THE INPUT:
┌────────
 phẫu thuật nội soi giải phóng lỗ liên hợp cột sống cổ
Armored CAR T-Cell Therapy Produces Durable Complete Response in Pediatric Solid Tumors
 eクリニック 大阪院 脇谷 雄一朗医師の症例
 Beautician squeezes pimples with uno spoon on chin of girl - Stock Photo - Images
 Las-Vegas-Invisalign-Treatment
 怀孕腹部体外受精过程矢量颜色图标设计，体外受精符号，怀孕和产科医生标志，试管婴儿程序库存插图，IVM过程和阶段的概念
└────────
┌────────
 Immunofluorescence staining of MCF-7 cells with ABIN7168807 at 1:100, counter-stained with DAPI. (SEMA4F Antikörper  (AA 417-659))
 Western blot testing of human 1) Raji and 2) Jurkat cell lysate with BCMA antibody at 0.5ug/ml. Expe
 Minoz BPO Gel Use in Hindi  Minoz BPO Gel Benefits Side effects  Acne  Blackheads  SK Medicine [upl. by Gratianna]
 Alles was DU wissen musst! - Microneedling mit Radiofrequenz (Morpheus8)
└────────
YOUR ASSIGNMENT:
Only the number should be given: how many lines in the entries above contain the string "with"?

ANSWER SECTION:
3